The surf industry is happy to spend ridiculous money paying quite a few primates to play around in the pro tour, but to the best of my knowledge has never spent a dime on hiring a marine engineer to really take on the problem. A few well trained people have worked on the ‘surfcraft problem’, as I’ll call it, but didn’t make money from it or get much recognition. More likely ridicule for not being one of the sheep…or orangutans.

Alas…

doc…

What I could gather from this article and the description of the MPH here is that boards with wide and straight template, flat rocker, hard edges further forward and fins more parallel to the stringer are faster. And shorter boards are more manouvrable. Who would have known???

[quote="$1"]

So, what's the concensus, that Thomson's shapes being a bit different than the norm is more BS than revolutionary? I've been lurking around here for some years but it's hard to get a feel on the pulse of whether his designs are generally admired here or discounted. 

Personally, I am an engineering fan and enjoy principals and thought processes put into application. I am also skeptical of the effectiveness in surfing due to the sheer variety of conditions and the relatively slow speeds of a board in relation to the water it is affecting, but I really enjoy the technology of it nonetheless. I can appreciate that Tomo boards are trying different things, if the end result is nothing more than a wider tail with a funky shape, then so be it, in my opinion, at least someone is trying and I do like that there is at the very least, reasoning as to why the shapes end up as they do. Well, reasoning beyond, well, brand x has a HPSB, so must I.

As far as credit goes, I see influence is being hugely dependent on the perception of those claiming to be influenced. I don't know much about Thomson, but I take it he is on the younger side so it's natural that his influences would not span too much further back than his own childhood. People find influence all over, even it those influences aren't traced back to the absolute source for the given technology or principal in question. 

[/quote]

I can't speak for others, but my opinion follows along the lines you yourself stated:

if the end result is nothing more than a wider tail with a funky shape, then so be it, in my opinion, at least someone is trying and I do like that there is at the very least, reasoning as to why the shapes end up as they do.

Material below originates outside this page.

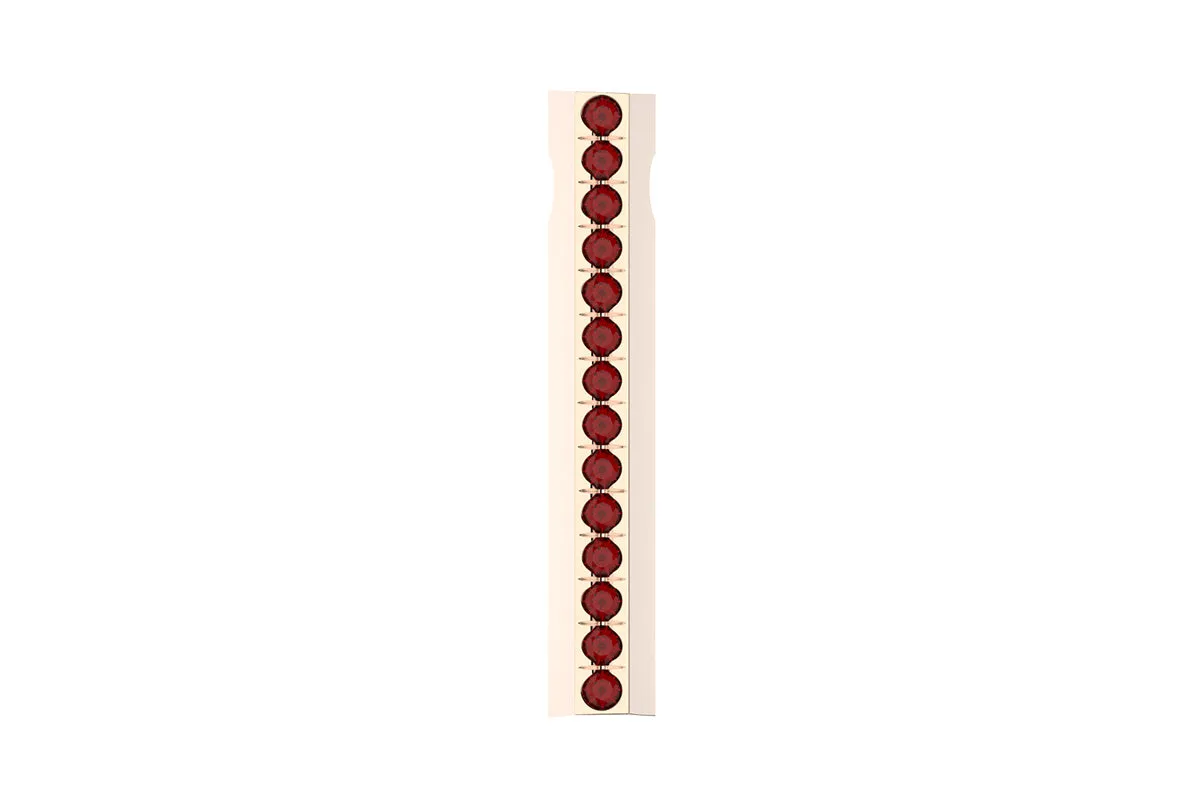 STONE BAR - 14k Birthstone Pavé  - Pendant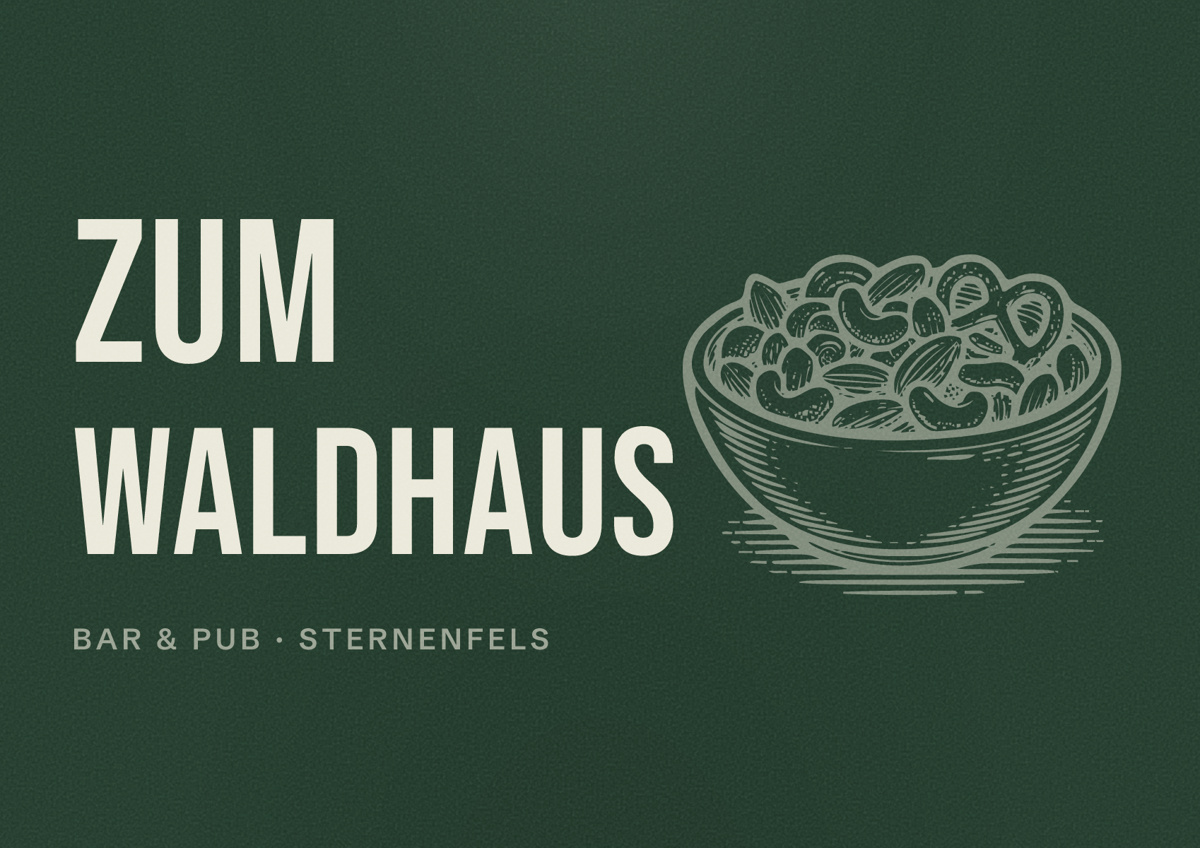 Illustriertes Poster von zum Waldhaus, Bar & Pub in Sternenfels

Well, reasoning beyond, well, brand x has a HPSB, so must I.

I'm not a fan of engineering per se, I am at heart an artist, although I'll acknowledge engineering has its place, and I do think engineering has and will continue to contribute a lot to the advancement of the surfboard.

Nevertheless I tend to be very skeptical of people who claim that they have improved surfing by engineering.  That said, I think the Fat Penguin is the most engineered surfboard out there, and it has been completely rejected by the general surfing populace, although I personally think it looks interesting and viable and I have heard good reports from those who have ridden one, and ridicule only from those who have not.  OK, go ahead and flame me.  =)

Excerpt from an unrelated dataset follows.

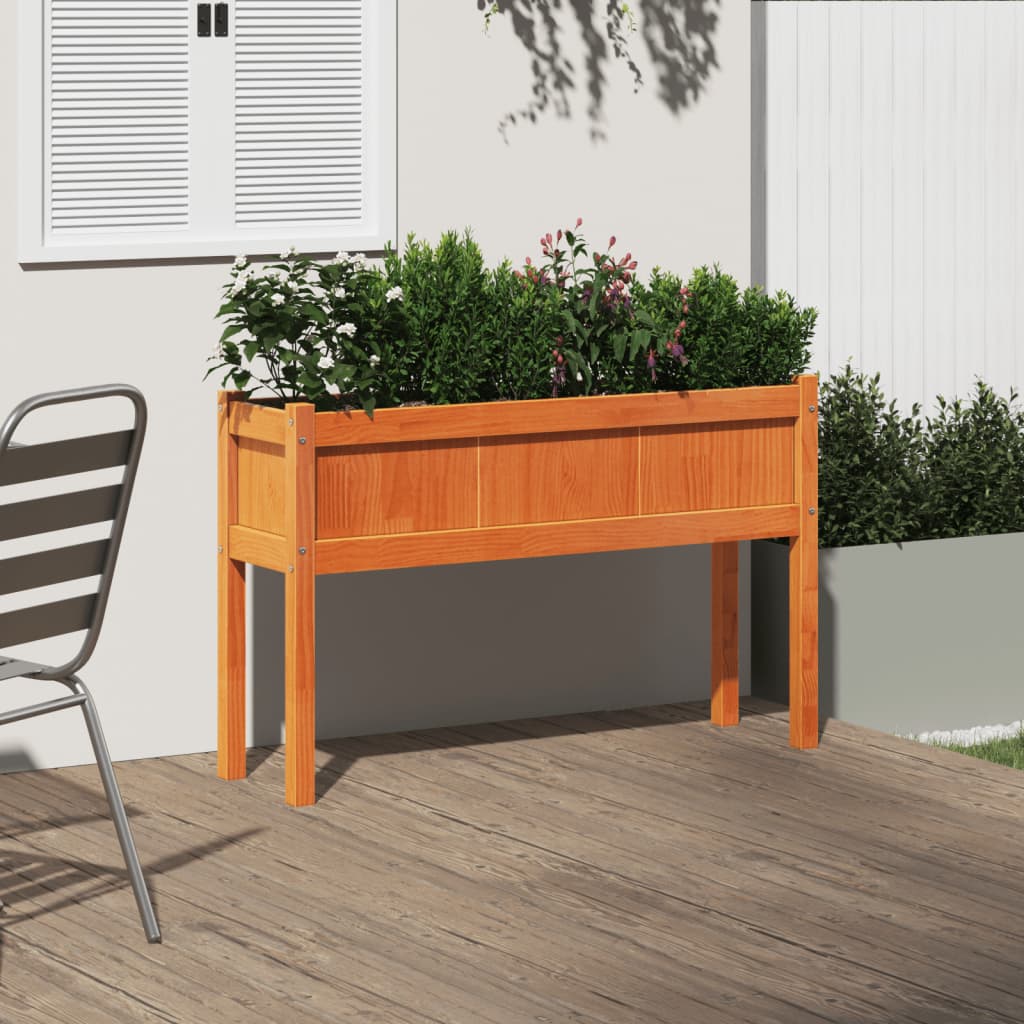 Plantilla Vidaxl con piernas 110x31x70 cm de madera de pino marrón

I think there are a lot of good ideas out there, creative ideas from intelligent people, and I view progress as multi-directional.  I think the mainstream corporate surf media is a big hindrance to people being open to new ideas and different shapes, because conformity and uniformity goes hand in hand with mass production and controlled product sales. 

I think variety and disagreement are healthy and productive, there is no one right answer or right direction or best shape etc etc.  Tomo gets a lot of credit due to hype and promotion, not saying he doesn't deserve it, just saying there are plenty of other people who deserve it too, but don't have the hype and promotion pushing their name into the public eye, as it were.  Plus, the guy flat out rips on his boards - gotta respect that about him.

As far as the science behind it all - I tend to refer back to the Bonzer, and the "venturi effect" explanation that was given when it first arrived on the scene.  That has since been proven erroneous, but the shape works for a variety of surfers who like it use it and enjoy it.  Why does it work?  I don't know if anyone has fully figured it out, and I guess there are plenty of people who would say it doesn't work that great, so in the end the engineering isn't the final answer, just a stepping stone to a new direction.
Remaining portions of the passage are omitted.